* [What to produce]: Without changing a thing, reproduce the entire listing and leave out its pictures.

* [Information provided]:
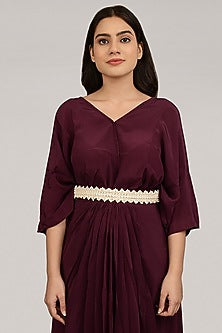 Gold Finish Embroidered Chic Peach Waist Belt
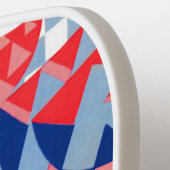 rode witte en blauwe abstracte afdruk pickleball paddle (Links Detail)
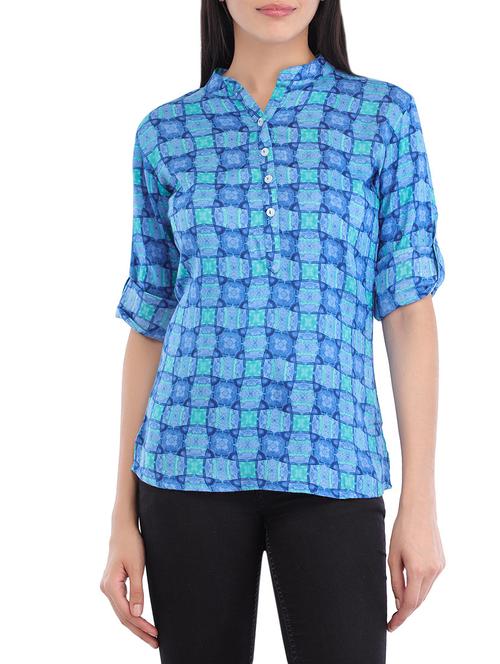 band collar roll up sleeved top - 14049070 - Very Small Image - 1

* [Result for this task]:
 Gold Finish Embroidered Chic Peach Waist Belt
 rode witte en blauwe abstracte afdruk pickleball paddle (Links Detail)
 band collar roll up sleeved top - 14049070 - Very Small Image - 1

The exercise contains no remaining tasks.